| TASK OBJECTIVE |
Output exactly the lines from the one containing "2317 Sierra Creek" through the final line of the entries below, both included, and skip the pictures.

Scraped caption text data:
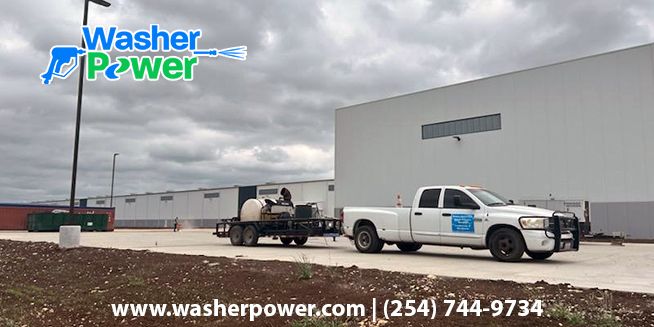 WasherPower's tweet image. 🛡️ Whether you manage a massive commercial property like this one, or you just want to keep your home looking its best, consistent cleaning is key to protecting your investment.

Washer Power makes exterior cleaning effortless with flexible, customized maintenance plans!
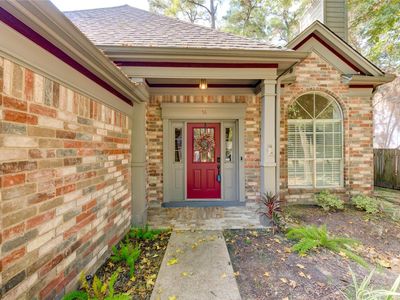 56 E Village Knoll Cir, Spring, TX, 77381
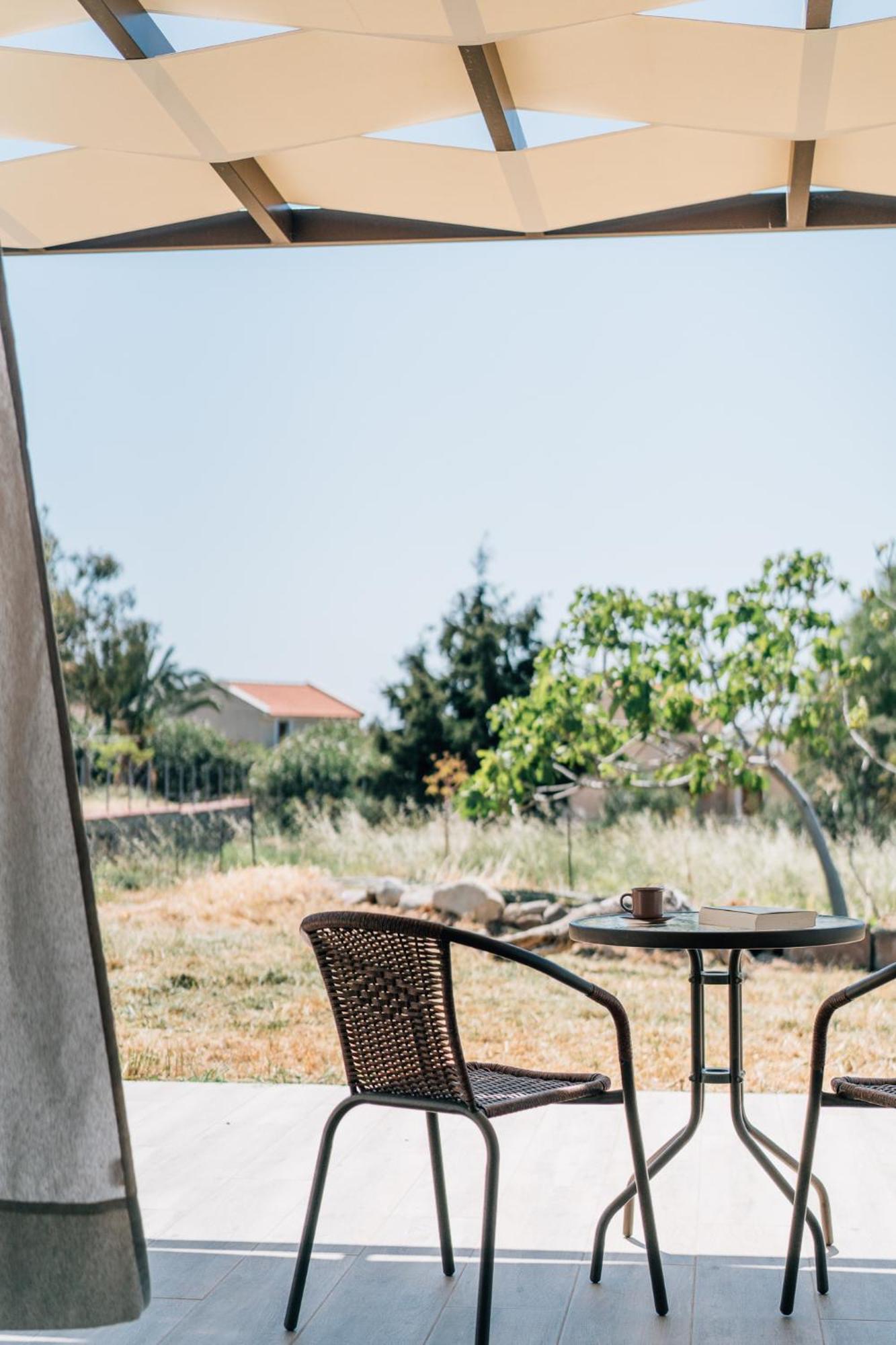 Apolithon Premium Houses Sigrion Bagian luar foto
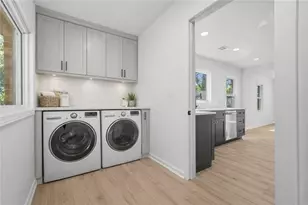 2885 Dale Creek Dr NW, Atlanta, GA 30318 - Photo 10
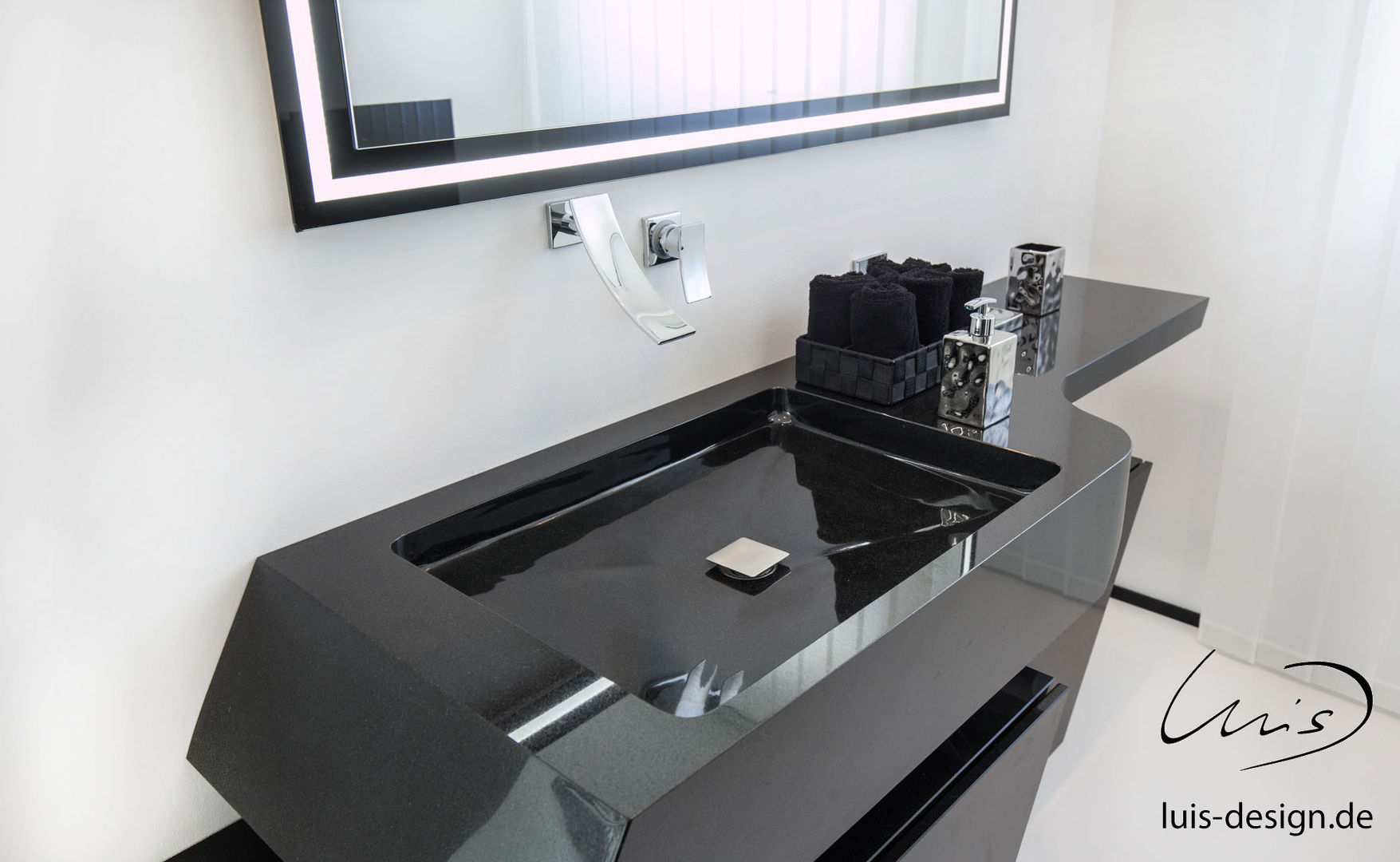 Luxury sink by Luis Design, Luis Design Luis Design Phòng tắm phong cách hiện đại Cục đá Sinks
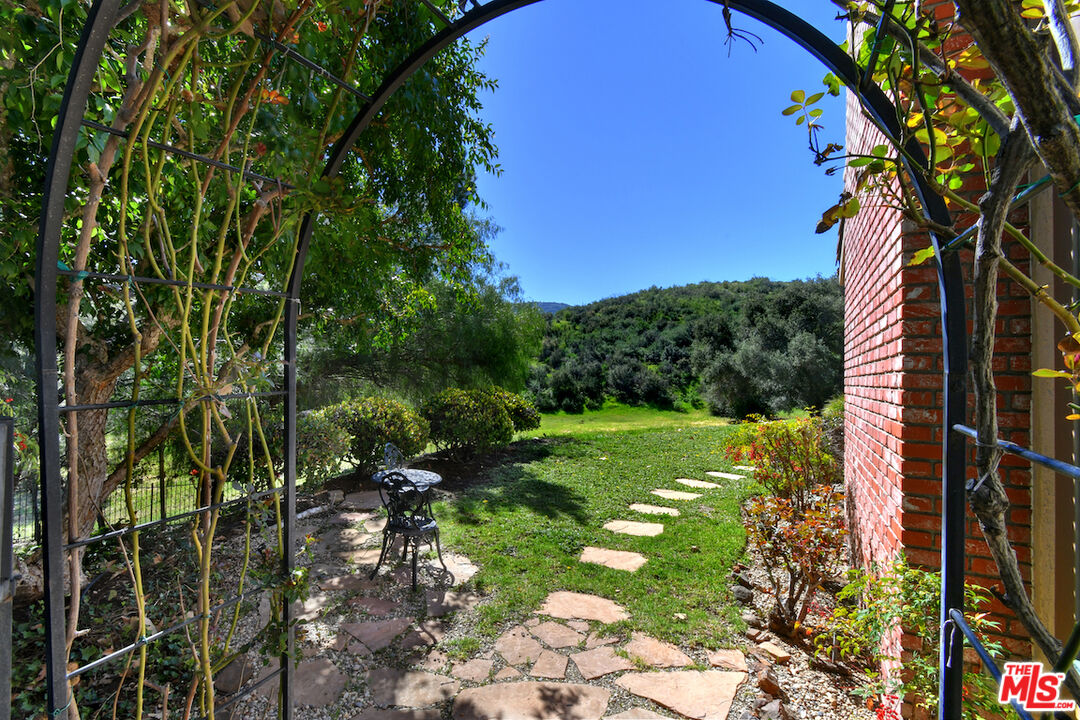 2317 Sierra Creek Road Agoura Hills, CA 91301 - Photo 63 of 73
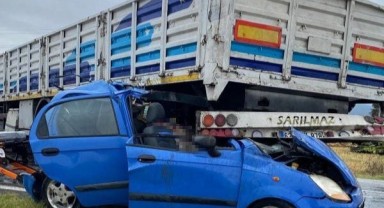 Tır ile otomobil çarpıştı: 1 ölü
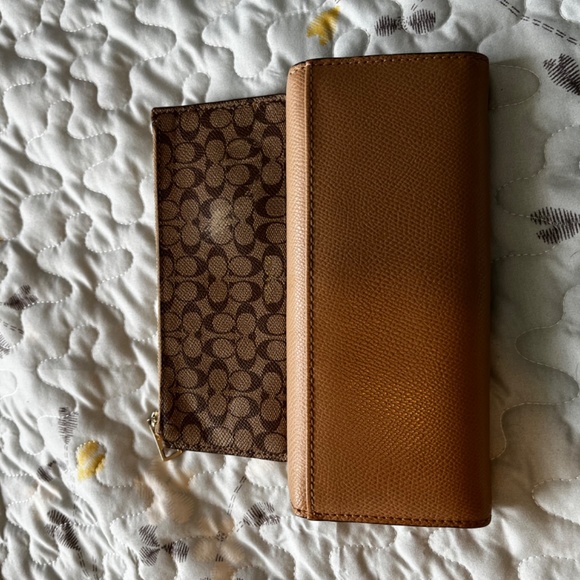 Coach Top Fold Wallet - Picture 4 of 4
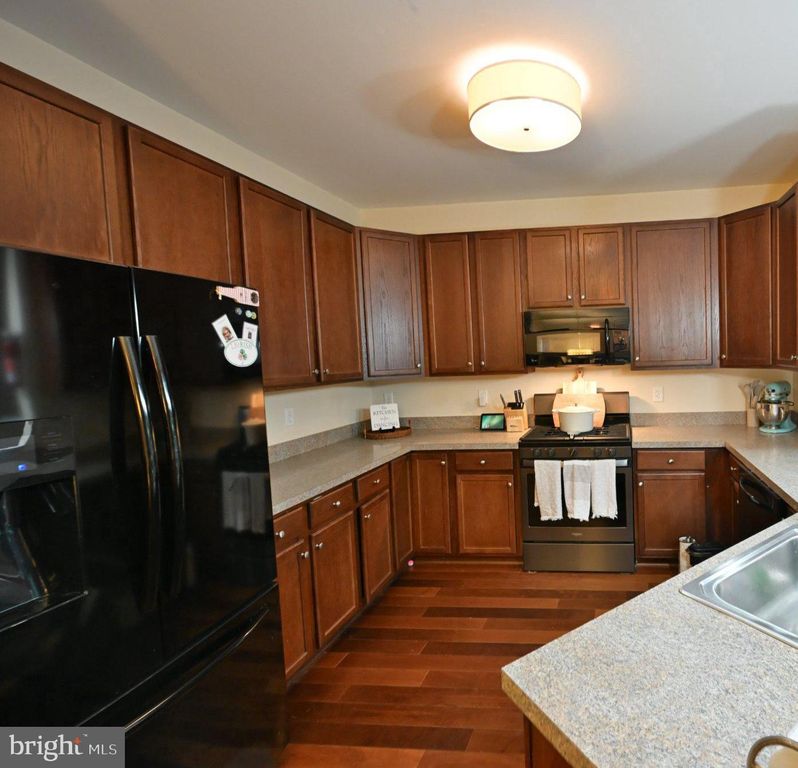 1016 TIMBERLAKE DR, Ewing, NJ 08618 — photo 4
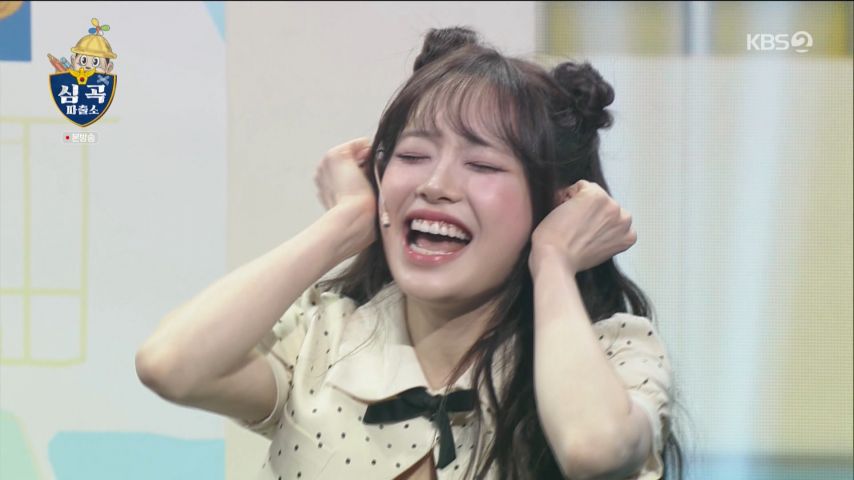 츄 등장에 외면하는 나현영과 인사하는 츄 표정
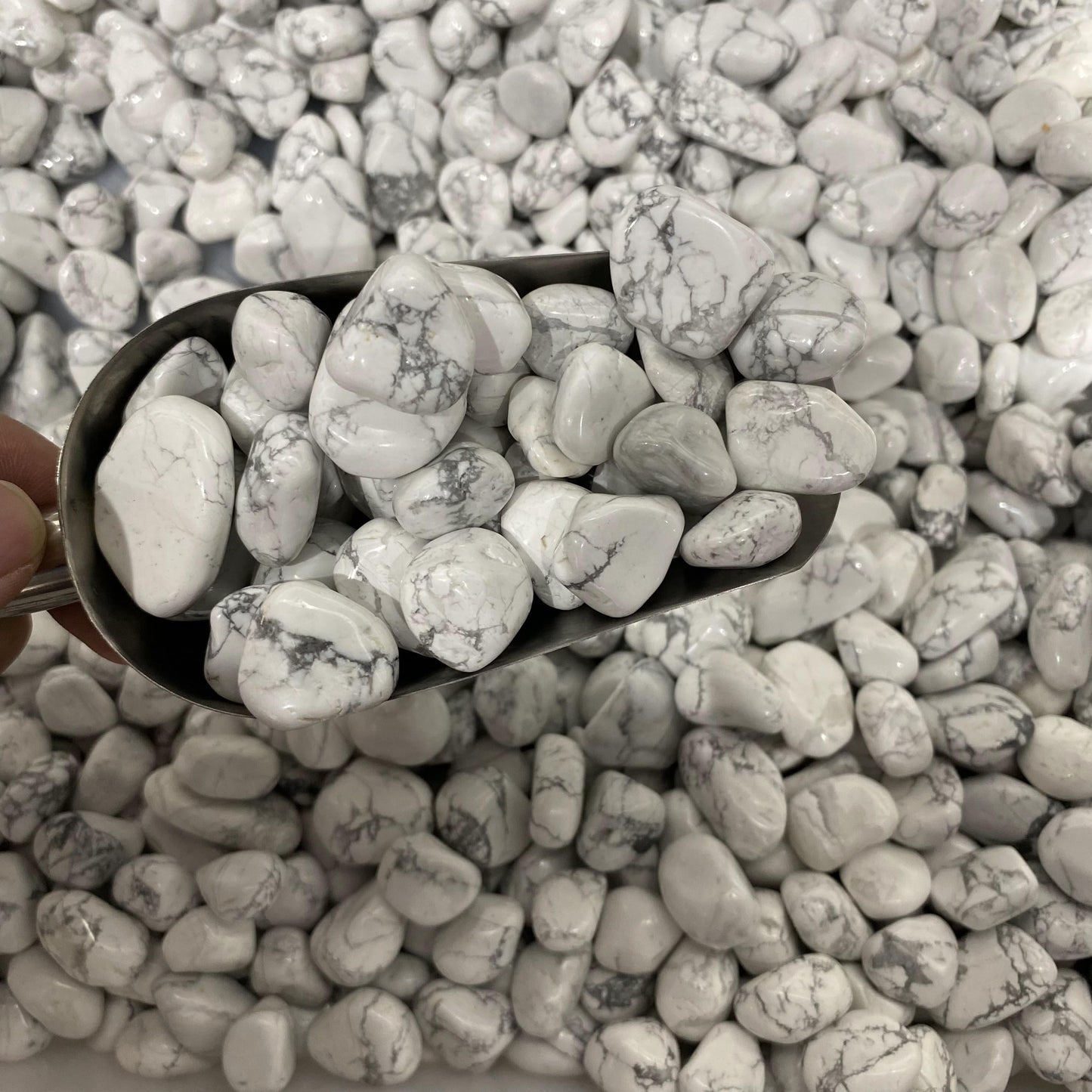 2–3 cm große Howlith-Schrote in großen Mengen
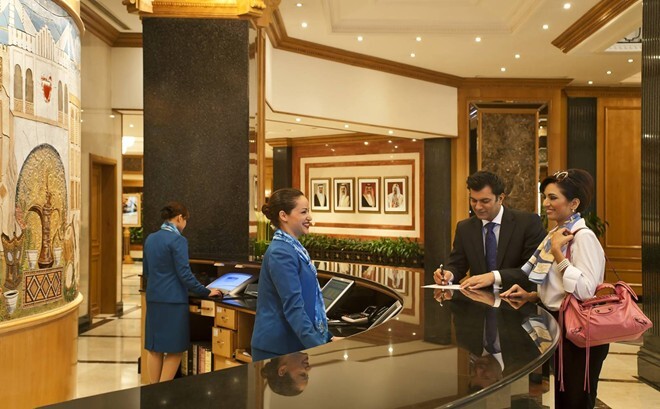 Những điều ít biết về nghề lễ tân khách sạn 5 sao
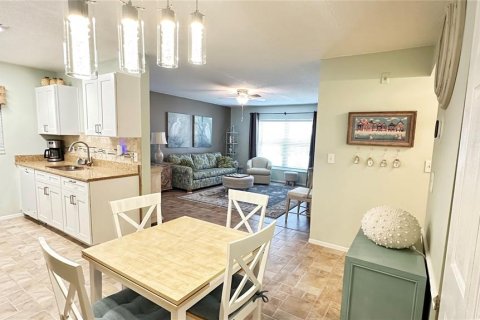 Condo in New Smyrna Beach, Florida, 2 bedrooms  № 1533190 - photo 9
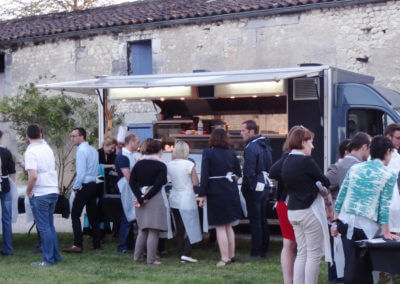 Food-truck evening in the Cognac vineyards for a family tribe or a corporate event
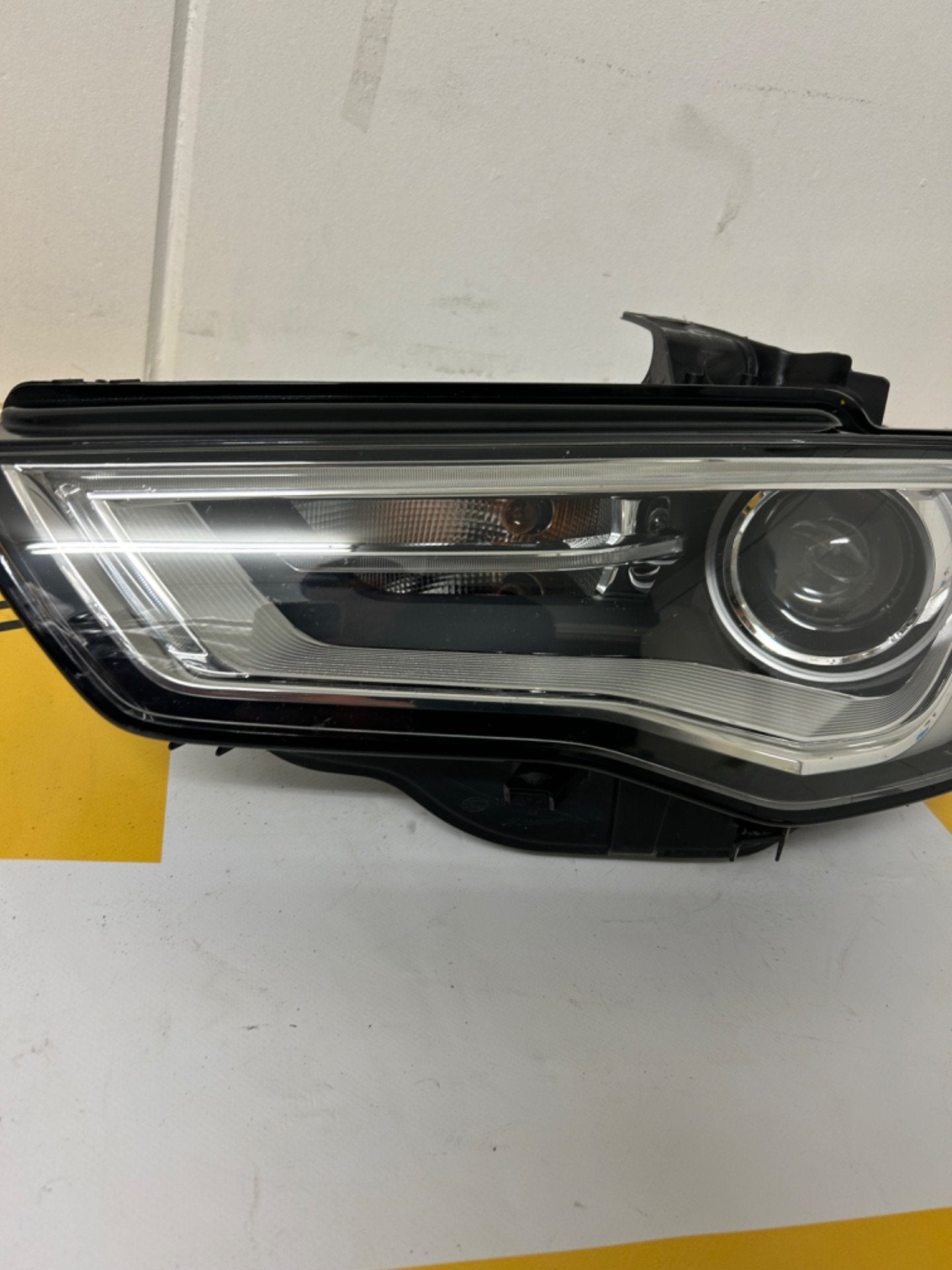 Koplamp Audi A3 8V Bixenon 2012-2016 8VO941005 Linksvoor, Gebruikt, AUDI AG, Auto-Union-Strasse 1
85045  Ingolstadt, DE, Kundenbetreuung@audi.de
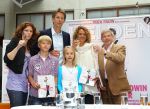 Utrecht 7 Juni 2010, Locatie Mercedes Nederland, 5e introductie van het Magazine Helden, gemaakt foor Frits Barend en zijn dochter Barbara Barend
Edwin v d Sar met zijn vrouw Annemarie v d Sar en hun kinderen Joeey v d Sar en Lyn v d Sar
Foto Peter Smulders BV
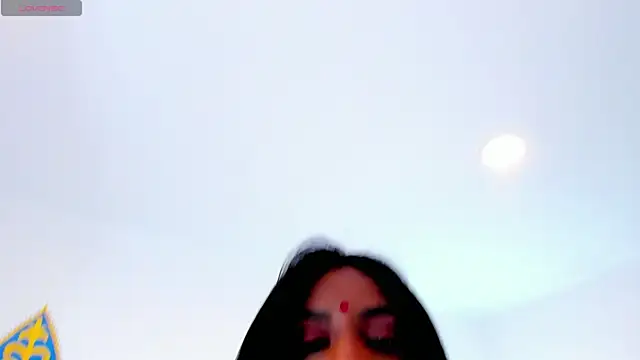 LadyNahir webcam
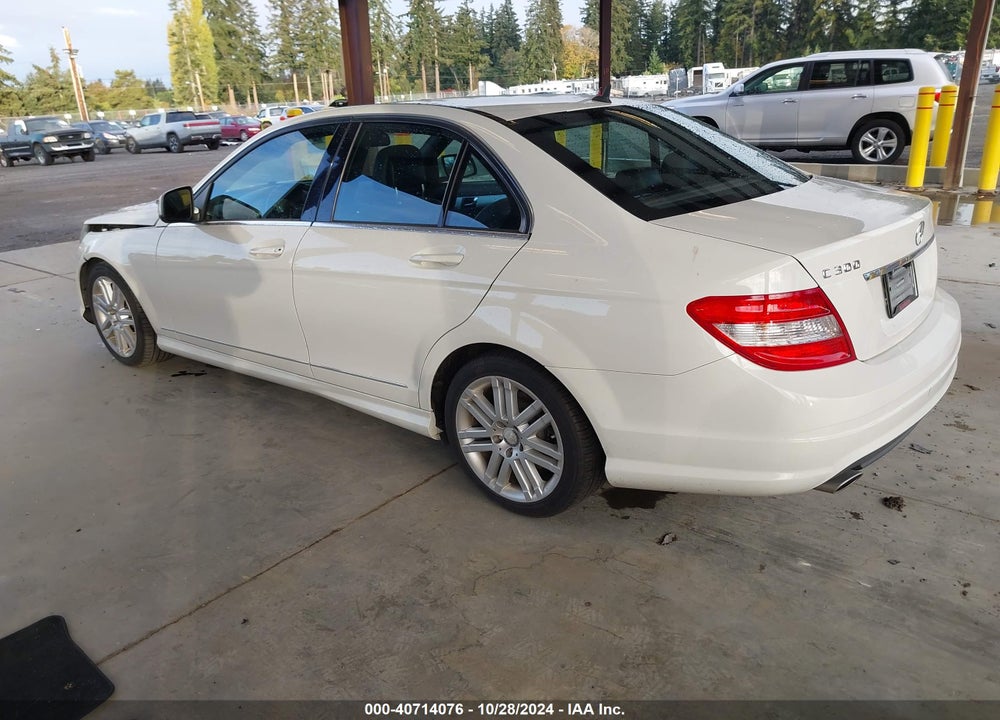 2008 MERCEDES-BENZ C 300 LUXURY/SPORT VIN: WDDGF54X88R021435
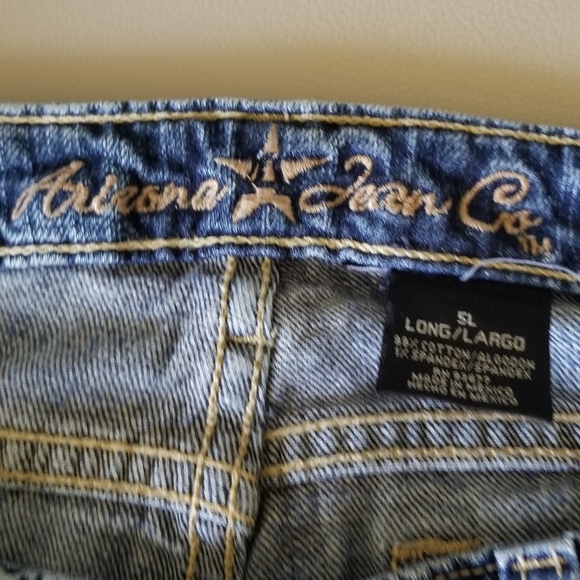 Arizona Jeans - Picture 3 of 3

| YOUR SOLUTION |
 2317 Sierra Creek Road Agoura Hills, CA 91301 - Photo 63 of 73
 Tır ile otomobil çarpıştı: 1 ölü
 Coach Top Fold Wallet - Picture 4 of 4
 1016 TIMBERLAKE DR, Ewing, NJ 08618 — photo 4
 츄 등장에 외면하는 나현영과 인사하는 츄 표정
 2–3 cm große Howlith-Schrote in großen Mengen
 Những điều ít biết về nghề lễ tân khách sạn 5 sao
 Condo in New Smyrna Beach, Florida, 2 bedrooms  № 1533190 - photo 9
 Food-truck evening in the Cognac vineyards for a family tribe or a corporate event
 Koplamp Audi A3 8V Bixenon 2012-2016 8VO941005 Linksvoor, Gebruikt, AUDI AG, Auto-Union-Strasse 1
85045  Ingolstadt, DE, Kundenbetreuung@audi.de
 Utrecht 7 Juni 2010, Locatie Mercedes Nederland, 5e introductie van het Magazine Helden, gemaakt foor Frits Barend en zijn dochter Barbara Barend
Edwin v d Sar met zijn vrouw Annemarie v d Sar en hun kinderen Joeey v d Sar en Lyn v d Sar
Foto Peter Smulders BV
 LadyNahir webcam
 2008 MERCEDES-BENZ C 300 LUXURY/SPORT VIN: WDDGF54X88R021435
 Arizona Jeans - Picture 3 of 3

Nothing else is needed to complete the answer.